# Problem
Nothing but the lines from the start of the entries through the line holding "This graph is" is to be repeated, exactly and with pictures excluded.

# Records to use
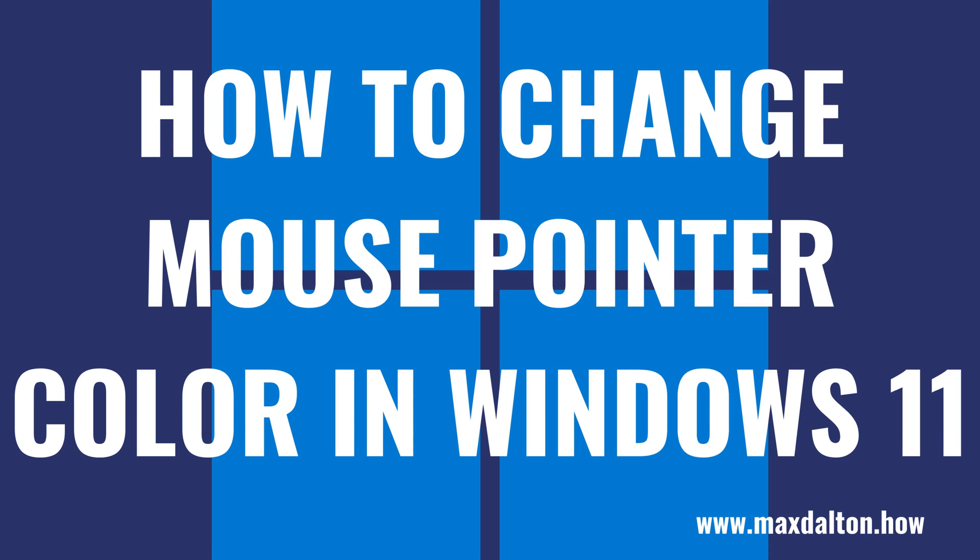What's up everyone. I'm Max Dalton, and in this video I'll show you how to change your mouse pointer color in Windows 11.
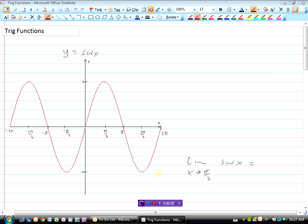This graph is the graph of y equals sine x. Sine x is the opposite over hypotenuse ratio in a triangle, so you can look at what happens to your angle.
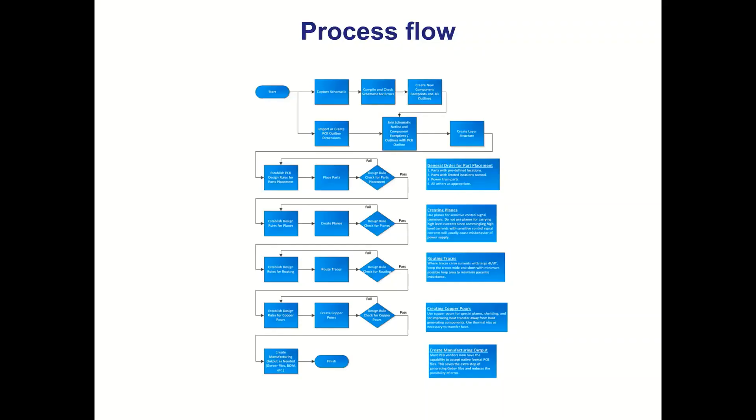Depending on how the board gets fabricated depends on that process flow, and the more complex the board, obviously the more complex the process flow.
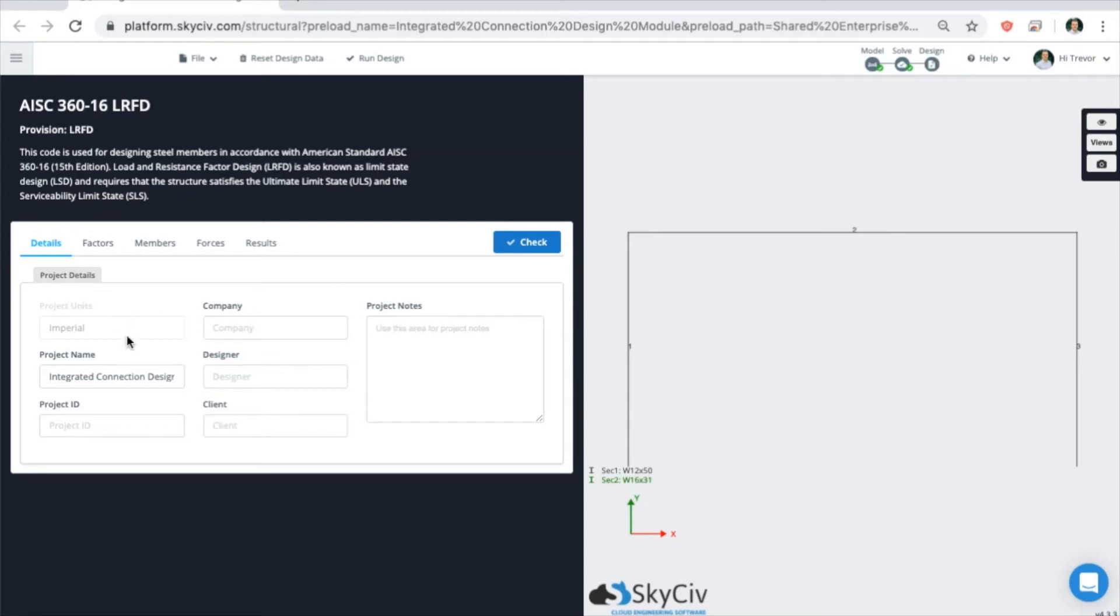Similar to other modules, you can adjust the project details, client details, and project notes.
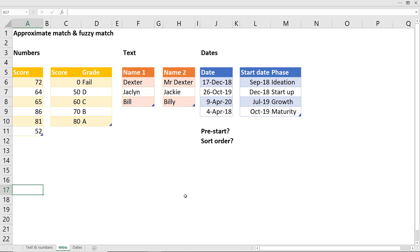When I first heard that approximate match was a type of lookup you can do with VLOOKUP, I assumed that was actually referring to text. So matching something like Bill with Billy or Jacqueline with Jackie, that's what it was referring to. But actually it refers generally to numbers.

# Written solution
What's up everyone. I'm Max Dalton, and in this video I'll show you how to change your mouse pointer color in Windows 11.
This graph is the graph of y equals sine x. Sine x is the opposite over hypotenuse ratio in a triangle, so you can look at what happens to your angle.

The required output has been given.